_BRIEF_:
The reply should hold only the lines from the one with "Uproot Cleaner Pro" to the one with "Attefallshus AGATA 39", both ends kept, exactly as they appear below, without any pictures.

_RECORD EXCERPTS_:

BEGIN

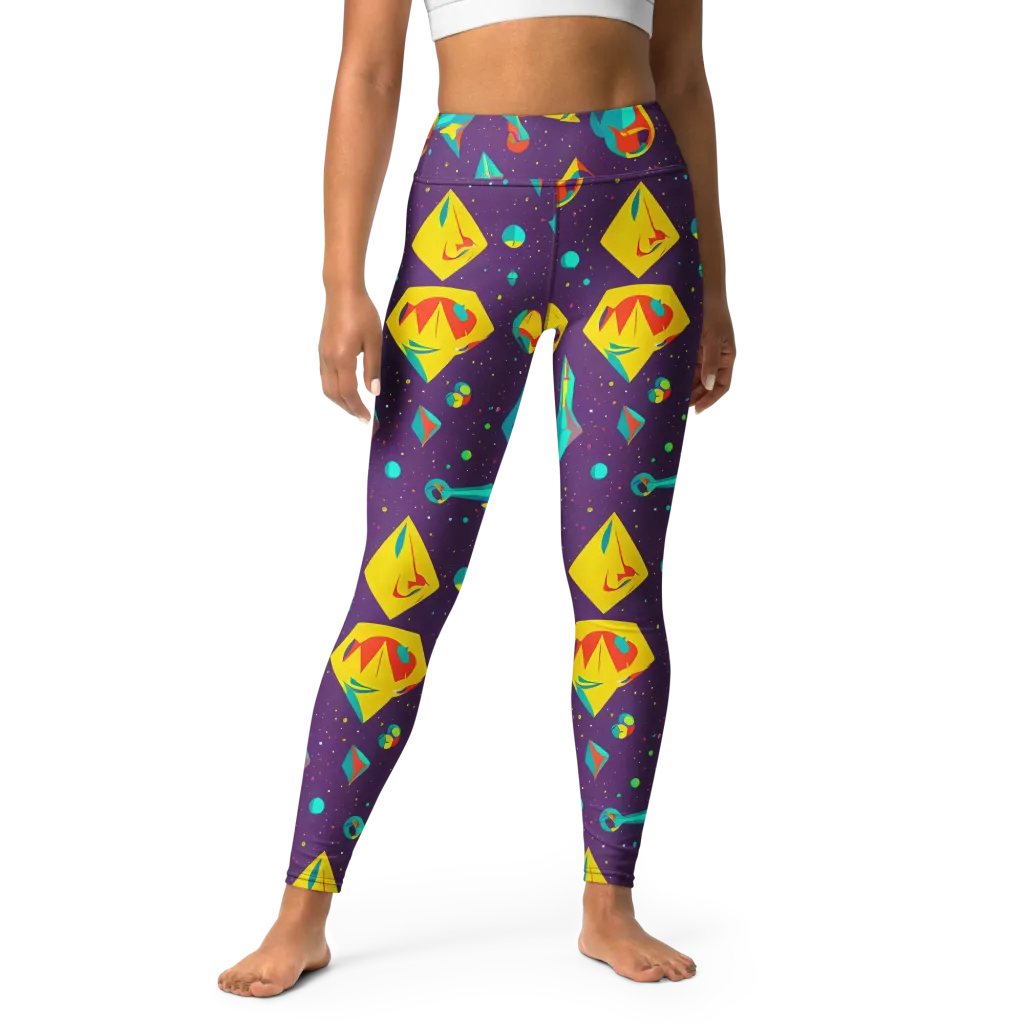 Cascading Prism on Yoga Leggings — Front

END
BEGIN

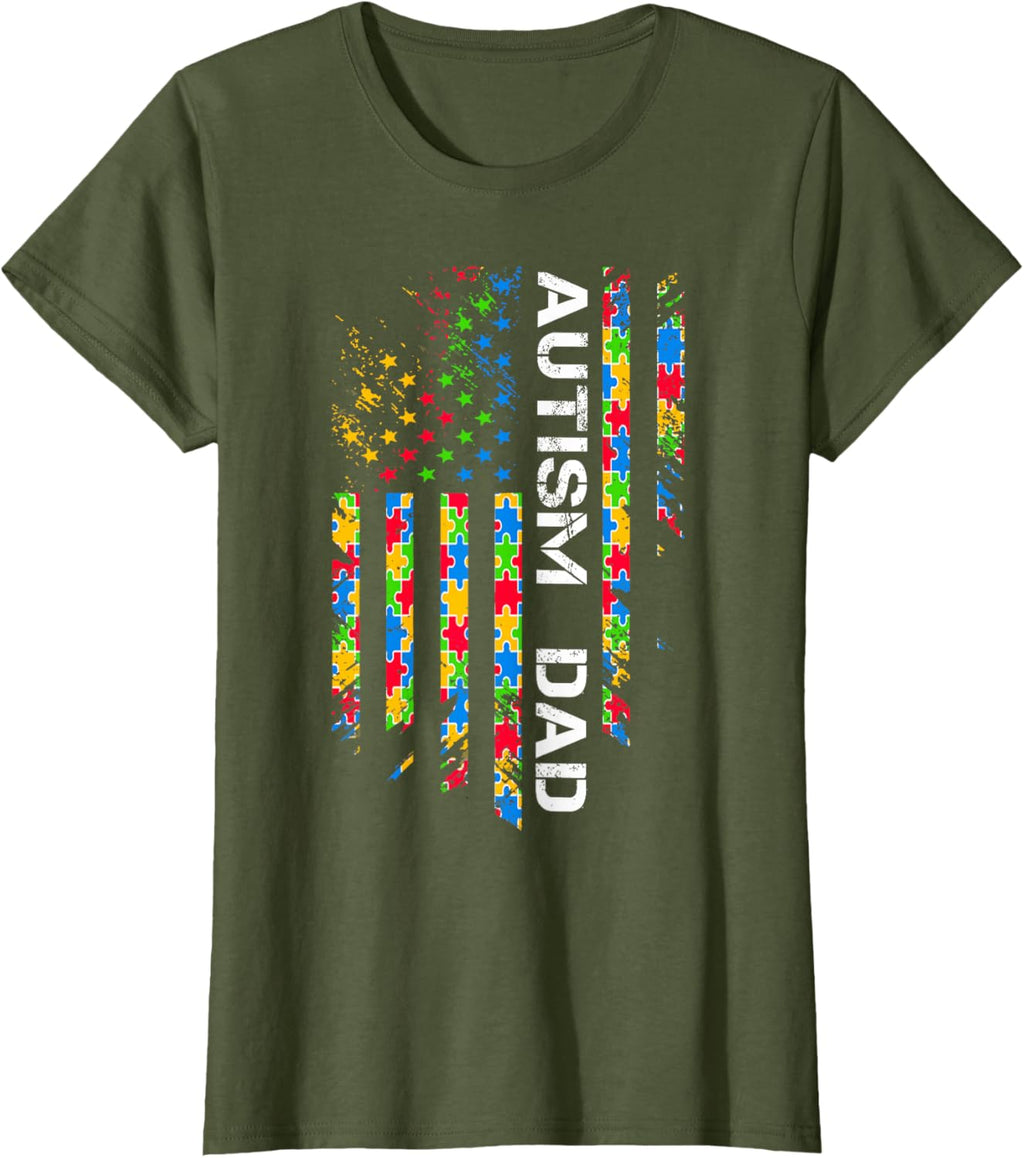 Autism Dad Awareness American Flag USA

END
BEGIN

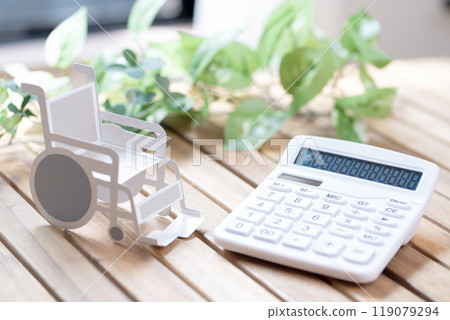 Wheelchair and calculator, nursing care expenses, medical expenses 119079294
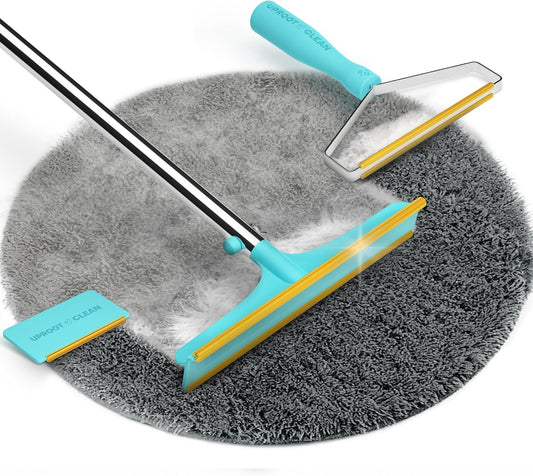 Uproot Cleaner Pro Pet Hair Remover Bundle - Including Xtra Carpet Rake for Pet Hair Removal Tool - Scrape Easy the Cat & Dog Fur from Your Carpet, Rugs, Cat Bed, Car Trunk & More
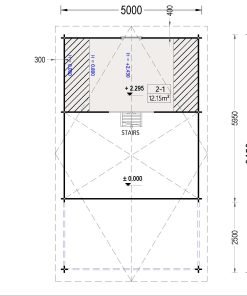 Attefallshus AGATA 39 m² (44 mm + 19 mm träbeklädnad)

END

_RESPONSE AREA_:
 Uproot Cleaner Pro Pet Hair Remover Bundle - Including Xtra Carpet Rake for Pet Hair Removal Tool - Scrape Easy the Cat & Dog Fur from Your Carpet, Rugs, Cat Bed, Car Trunk & More
 Attefallshus AGATA 39 m² (44 mm + 19 mm träbeklädnad)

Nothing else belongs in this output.